The film's production notes say that the movie "could easily have been turned into a raucous teen comedy." We should be so lucky. No teen comedy of the last few years has been as raucous as "American Pie" (the original -- accept no sequels) and almost no recent American movie has been as sexually straightforward. The director of "The Girl Next Door," Luke Greenfield, and the writers, Stuart Blumberg, David T. Wagner and Brent Goldberg, have aimed for something more -- what would they call it? -- mature, maybe? And they've lost the friskiness and wildness and charm the movie might have had.
"The Girl Next Door" has the hard sheen and vaguely repellent tone of "Risky Business." In place of Joe Pantoliano's pimp, we have Timothy Olyphant as Danielle's former producer (read: pimp), who turns up to lure her back to the business and, predictably, makes Matthew's life a living hell, threatening to screw up all his tidy plans for college.
But "The Girl Next Door" doesn't exactly replicate the Reagan-era message of "Risky Business," in which Tom Cruise found that pimping was the surefire way to the top. When Matthew and his buddies have to come up with a scheme to get out of the fix he finds himself in, he's merely saving his own ass, not bribing his way into the Ivy League. The triumph of that scheme should make "The Girl Next Door" feel like an adolescent sexual fairy tale. But the movie's knowing, smirky tone prevents it from taking comic flight. And this "realistic" approach takes any potential irony out of the triumph of Matthew's scheme. Given the reality of contemporary America, where the government, the religious right and "concerned" parents are keeping potentially lifesaving sexual information out of the hands of teenagers, the ending seems like something made by people living in a cave.
The movie would feel worse than it is if it weren't for Elisha Cuthbert. As Kim on "24" Cuthbert has consistently acquitted herself with as much dignity as she can muster considering the ludicrousness of the perils-of-Pauline situations the writers keep devising for her. As Danielle, she's very sweet, and she manages vulnerability without going icky. The movie's poster, showing Cuthbert in a red halter top and skintight jeans, signifies that she's the focus of the movie's sexual fantasies. She's also the center of its confused sexual attitudes.
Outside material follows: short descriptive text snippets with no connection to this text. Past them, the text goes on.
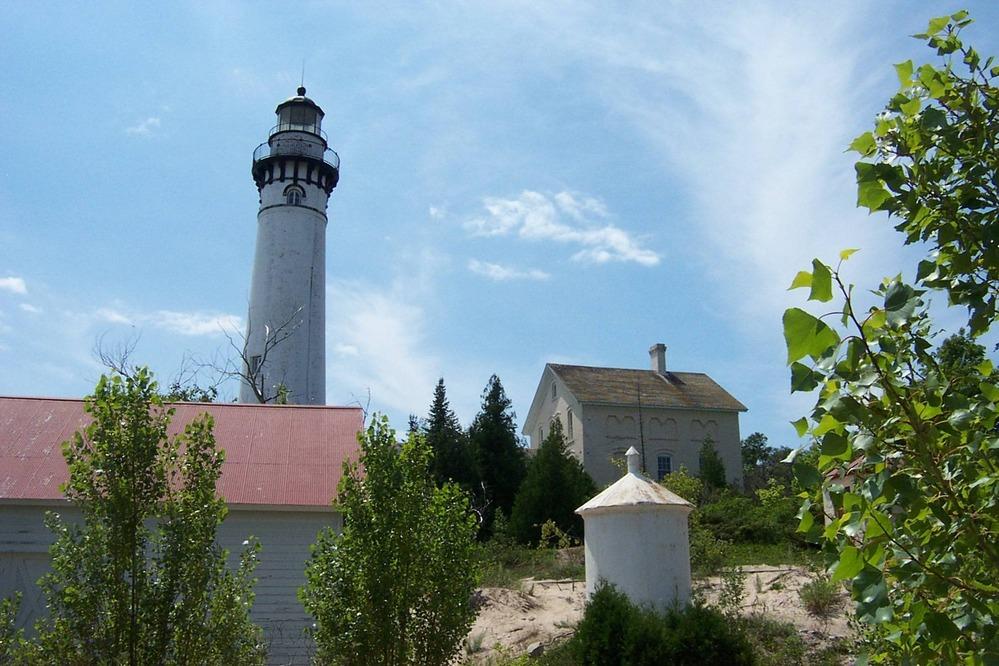 A tall white lighthouse and buildings on a sandy hill under a bright sky.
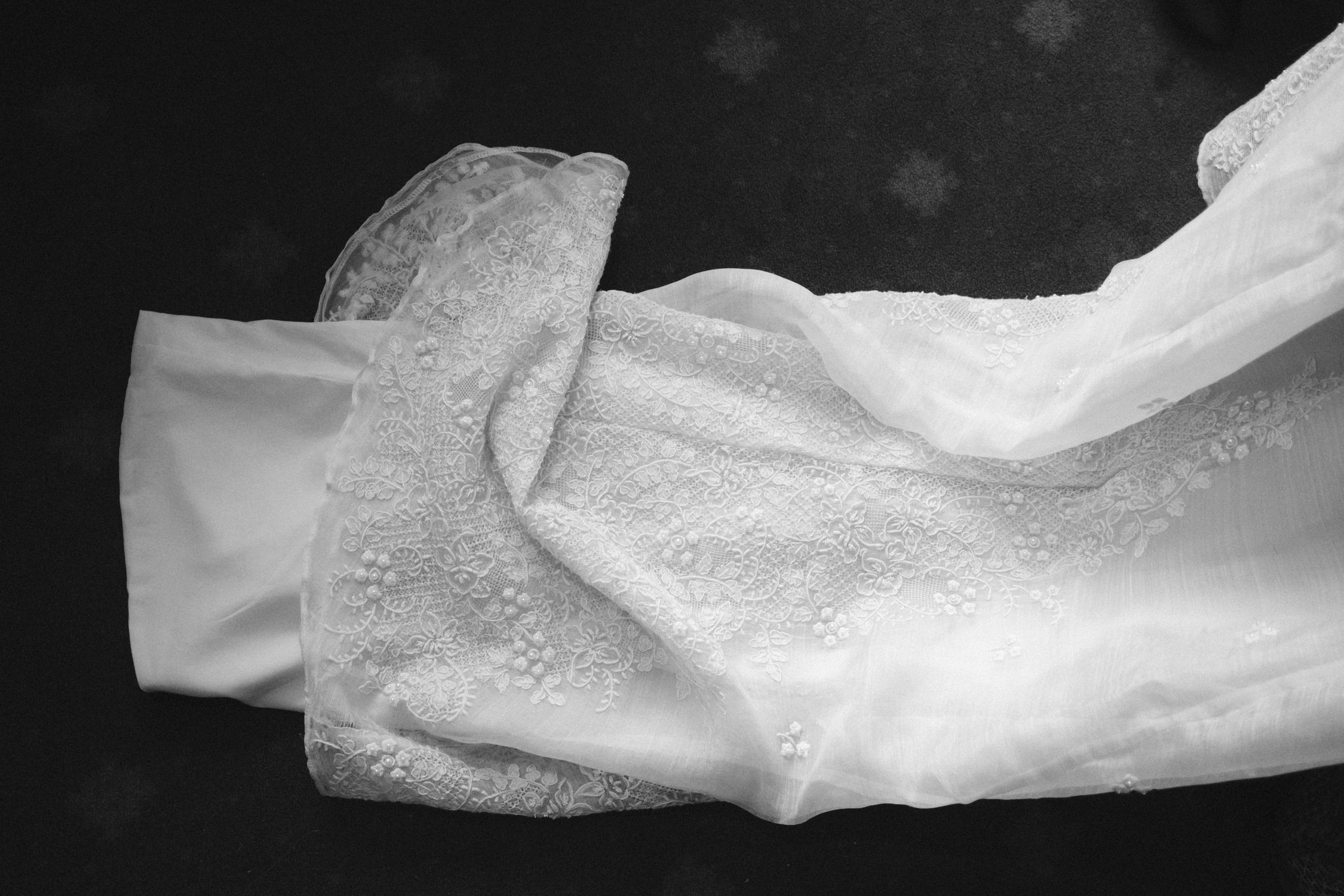 A Valhalla Lake Tahoe Wedding, photo of a delicate white lace wedding dress featuring intricate floral embroidery 
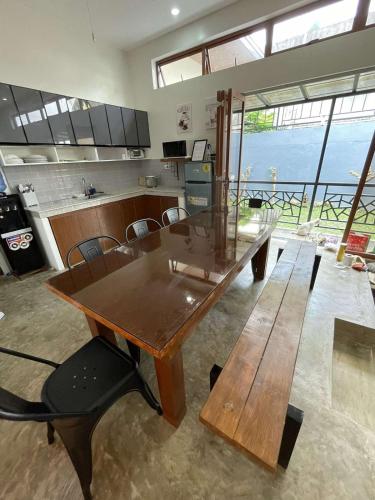 a kitchen with a wooden table and a table and benches at Cozy Home in Bacolod City near Airport & the Ruins in Bacolod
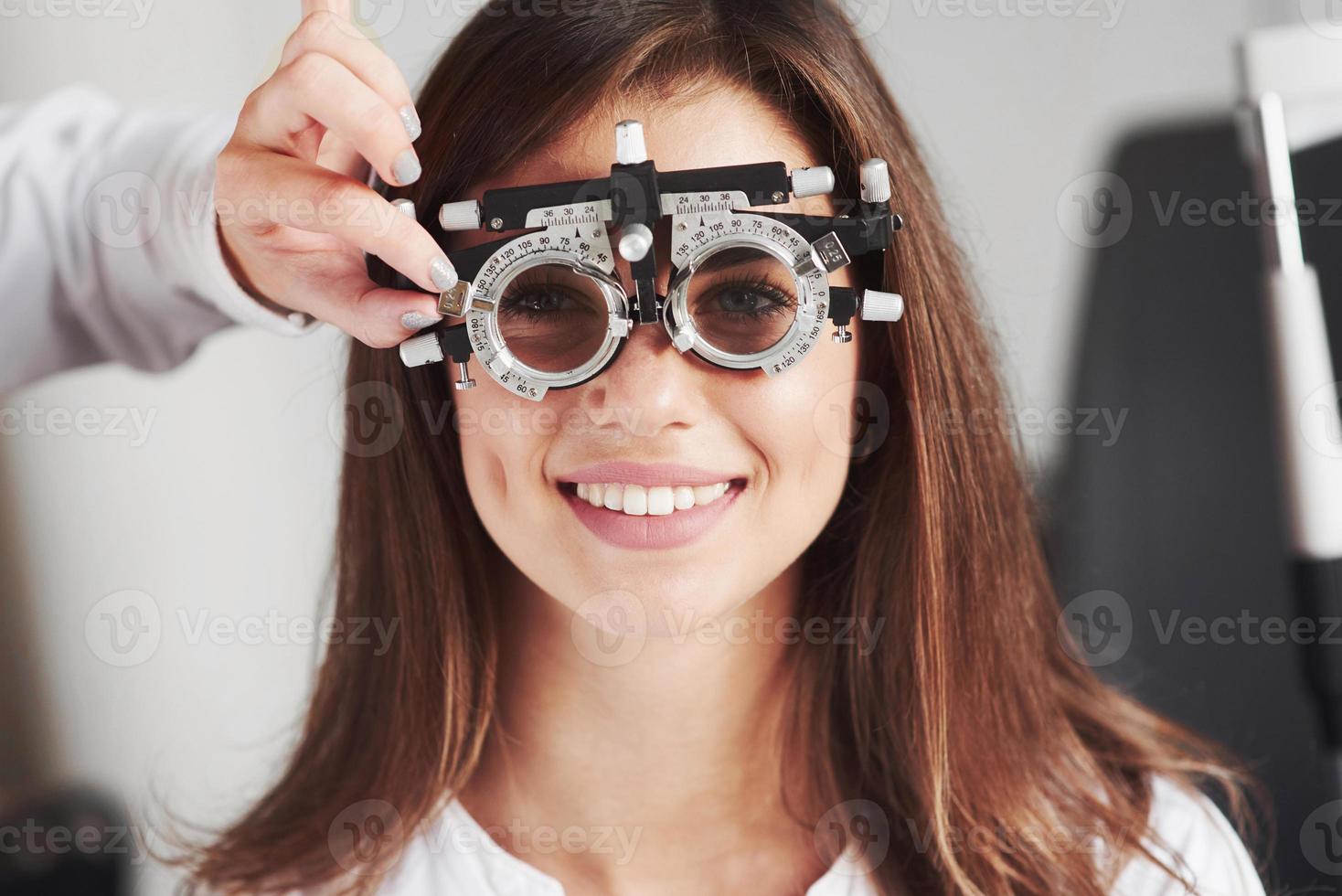 Atractiva chica sonriendo mientras usa foróptero que sintonice el médico foto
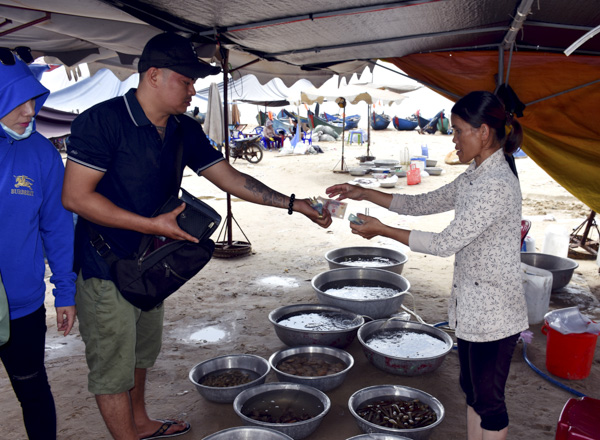 Du khách mua hải sản tại khu vực bãi biển ngã tư Hồ Tràm, xã Phước Thuận, huyện Xuyên Mộc.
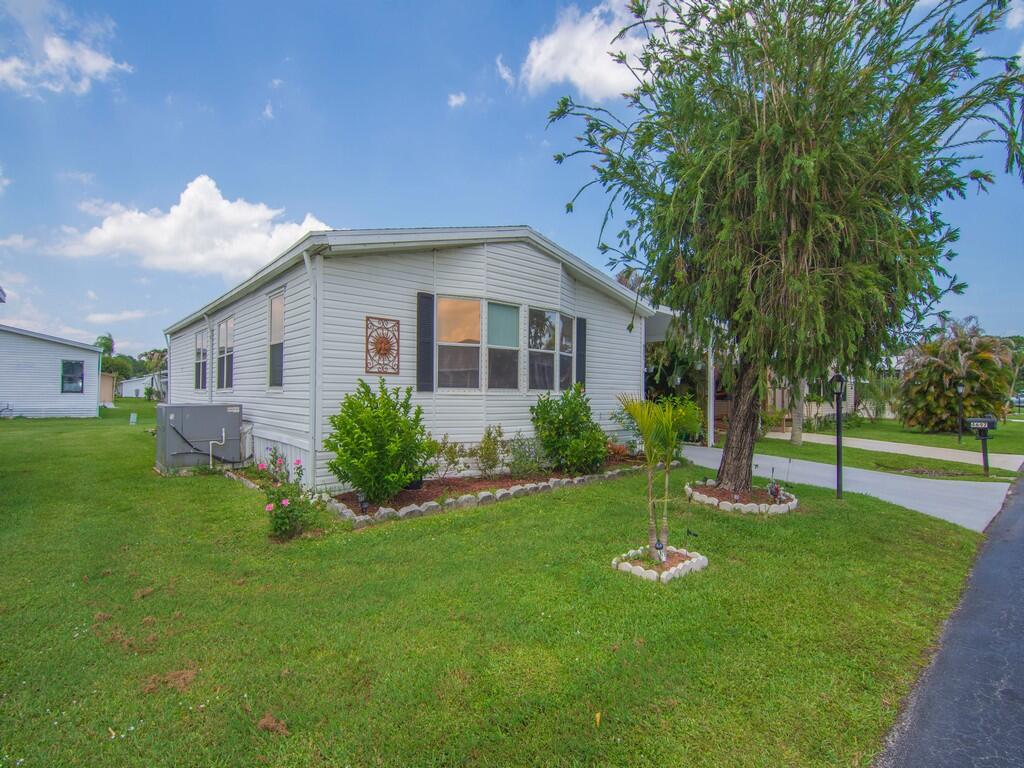 COME AND SEE this beautifully REMODELED 2 bedroom, 2 bathroom home in the 55+ community of Pinelake Gardens in Stuart!  New vinyl plank flooring throughout!  2 master suites!  Open floor plan makes this home perfect for entertaining!  Schedule your private showing today!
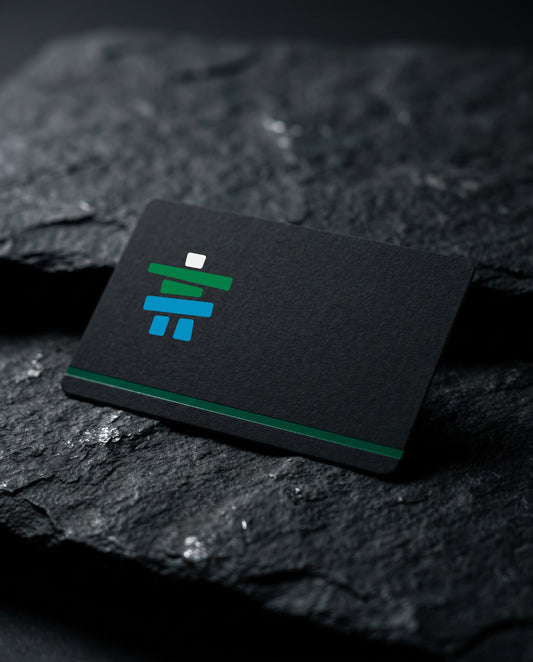 Matte black Inclusive Fitness gift card with the inukshuk logomark, resting on dark slate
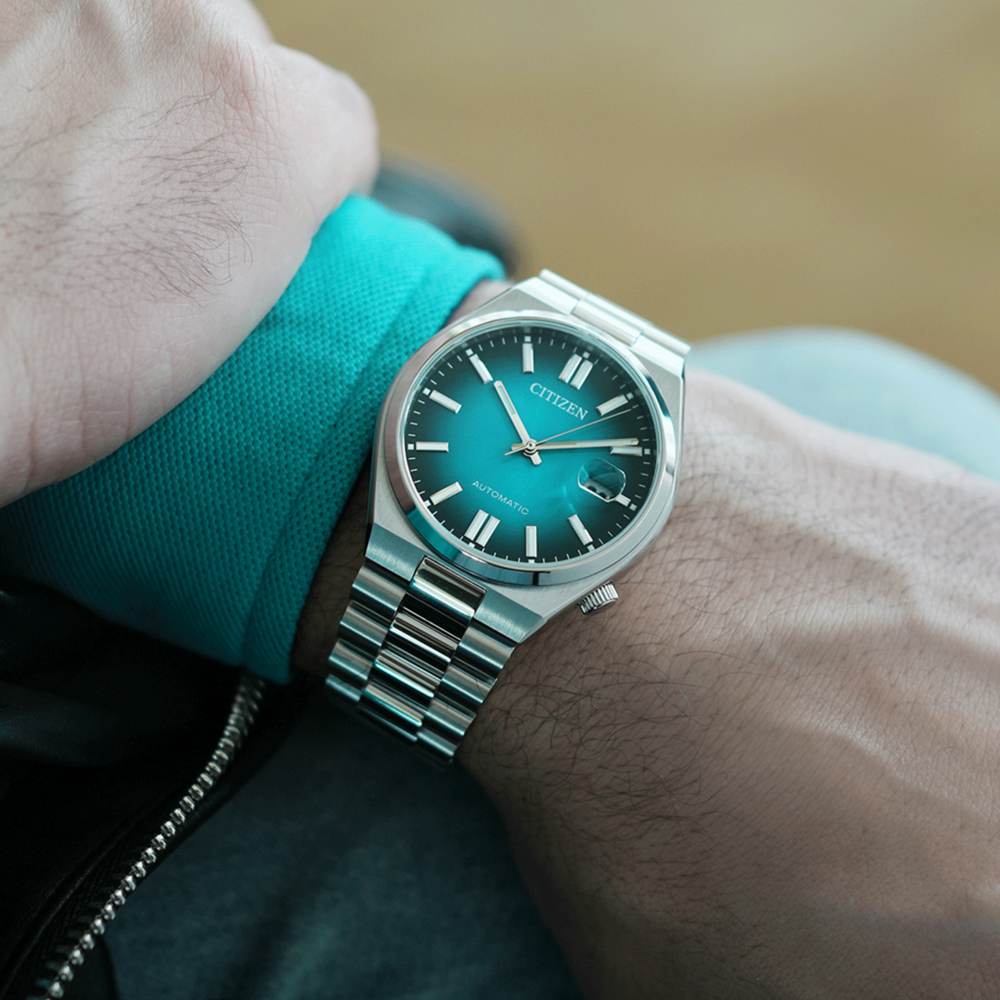 Citizen-Uhr am Handgelenk, türkisfarbenes Zifferblatt, silbernes Armband, Automatikwerk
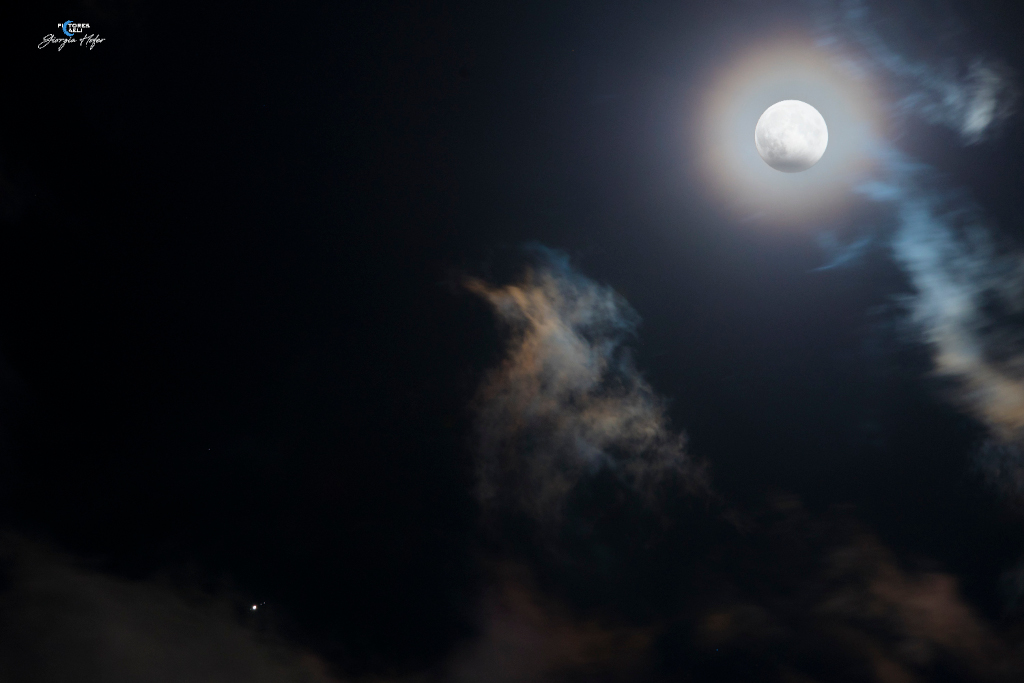Rechts oben leuchtet der Vollmond, am unteren Rand ist ein Teil vom Erdschatten bedeckt, er ist von einem irisierenden Nebelring umgeben. Links unten leuchtet der Planet Jupiter.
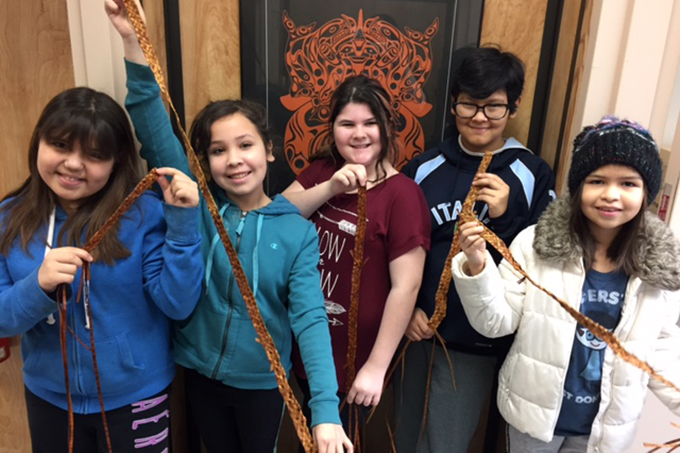 A group of young learners pose with woven belts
The writers deserve credit for coming up with a porn actress who isn't a bimbo or an addict and wasn't abused as a child. But they can't loosen up enough to escape the notion that confusion and directionlessness is what drove Danielle into porn -- in other words, it's not something that "nice" girls do. In the movie's key moment, Matthew tries to talk Danielle out of returning to the business by telling her, "I know who you are and you are so much better than this." Maybe that line is acceptable as a declaration from a lovestruck 18-year-old. But what does it mean? That the rest of the girls who work in porn are sluts who deserve what they get? (Would there ever conceivably be a movie where that line was delivered to a young woman being eaten up in an entry-level job in, say, investment banking?)
Instead of being about Matthew's coming to the mature conclusion that Danielle could have worked in porn and still be capable of love, "The Girl Next Door" becomes an adolescent "redeem a slut" fantasy. It reinforces ancient ideas about what good girls will and won't do. The question the movie doesn't ask is this: Did Matthew think Danielle -- or any of those other girls -- were "so much better than this" when he was jerking off to them?